### Given data ###
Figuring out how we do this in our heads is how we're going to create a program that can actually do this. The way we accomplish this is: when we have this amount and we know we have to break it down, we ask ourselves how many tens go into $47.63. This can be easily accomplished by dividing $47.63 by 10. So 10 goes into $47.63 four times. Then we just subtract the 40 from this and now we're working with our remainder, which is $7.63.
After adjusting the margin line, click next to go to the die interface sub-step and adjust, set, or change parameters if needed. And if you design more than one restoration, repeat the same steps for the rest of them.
###
### Given data ###
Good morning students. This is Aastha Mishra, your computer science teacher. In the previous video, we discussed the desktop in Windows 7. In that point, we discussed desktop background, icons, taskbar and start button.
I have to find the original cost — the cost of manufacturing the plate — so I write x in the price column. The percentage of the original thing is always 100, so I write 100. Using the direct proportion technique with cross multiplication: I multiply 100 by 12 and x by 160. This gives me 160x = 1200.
###
### Prompt
Search the records for the word "with", then list every line that has it.

### Exercise answer
Figuring out how we do this in our heads is how we're going to create a program that can actually do this. The way we accomplish this is: when we have this amount and we know we have to break it down, we ask ourselves how many tens go into $47.63. This can be easily accomplished by dividing $47.63 by 10. So 10 goes into $47.63 four times. Then we just subtract the 40 from this and now we're working with our remainder, which is $7.63.
I have to find the original cost — the cost of manufacturing the plate — so I write x in the price column. The percentage of the original thing is always 100, so I write 100. Using the direct proportion technique with cross multiplication: I multiply 100 by 12 and x by 160. This gives me 160x = 1200.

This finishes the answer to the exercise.